We must move from symbolic inclusion or tokenism to meaningful partnership throughout the research life cycle. Tokenism is plainly evident when patients are consulted late, have little influence on decisions, or represent only a narrow patient voice. Among the steps that should be taken to make centricity a reality are:

  • Identifying and engaging patients early in the research process. They should be shaping the research agenda and the questions to be answered
  • Giving patients real decision-making roles
  • Providing training and capacity building 
  • Compensating patients for their time and acknowledging their contributions in the same way we do for other “experts”

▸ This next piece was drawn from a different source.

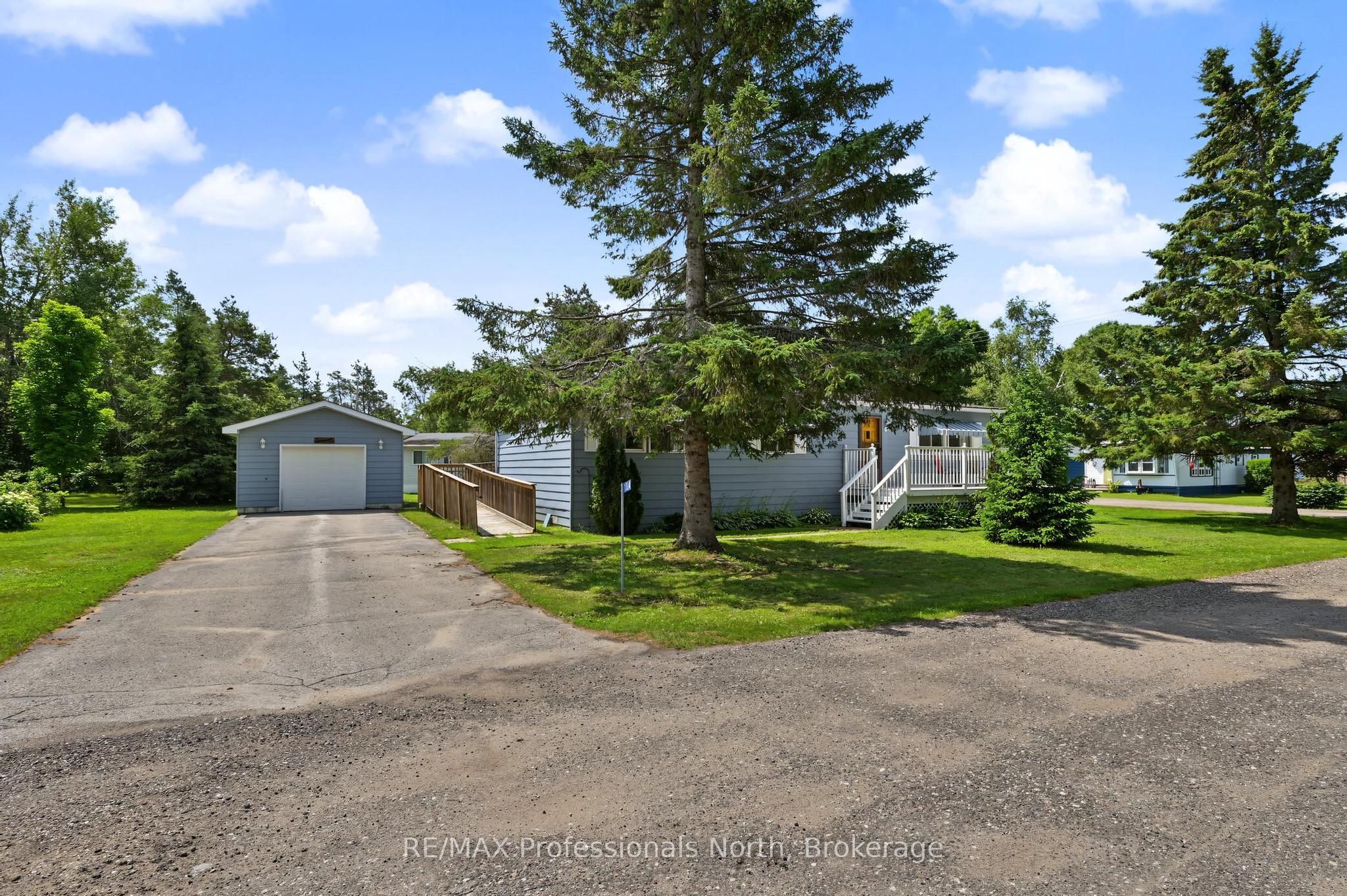 1084 Seventh Lane Property Photo 1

In view of ISPOR’s (and HEOR’s) focus on value, and our interest in expanding the definition of value to better reflect the things that matter most to patients, it seems only natural that we lean into all of the ways we might better integrate patients and their perspectives into health economics and outcomes research.

Traditionally, health economists have defined value based on clinical effectiveness and cost-effectiveness, as reflected in the oft-cited (and sometimes maligned) QALY. When patient experiences are incorporated into notions of value, the concept becomes broader, multidimensional, and more patient-centric. Suddenly, we lift our gaze from a singular focus on outcomes such as survival, disease progression, and clinical biomarkers to consider outcomes that matter in daily life, such as the ability to work or attend school, independence in daily activities, emotional well-being, and social participation—the simple, regular things that shape an individual’s life.

I think many of us in the health economics and outcomes research field know that value needs to shift from clinical efficacy alone to overall quality of life and functional improvement for patients. To get there, we need to put patients at the center of our thinking and decision making and cocreate the future together.

I’m proud of the work ISPOR has already done in this regard, and as your CEO, I pledge to keep pushing forward to ensure that we are genuinely moving from aspiration (“talking a good game”) to operational engagement (“walking the talk”).

 


 

* The Patient-Centered Outcomes Research Institute (PCORI) in the United States requires patient engagement in funded research, and the National Institute for Health and Care Excellence in the United Kingdom includes patient testimonies and patient organization submissions in its appraisal processes. Canada’s Drug Agency (formerly the Canadian Agency for Drugs and Technologies in Health) integrates patient input into drug reimbursement reviews.

** EQ-5D is a standardized self-report questionnaire designed by the EuroQol Group to measure health-related quality of life across 5 dimensions: mobility, self-care, usual activities, pain/discomfort, and anxiety/depression. It provides a simple, generic index for assessing patient health status and outcomes, and is routinely used in clinical trials and health economic evaluations.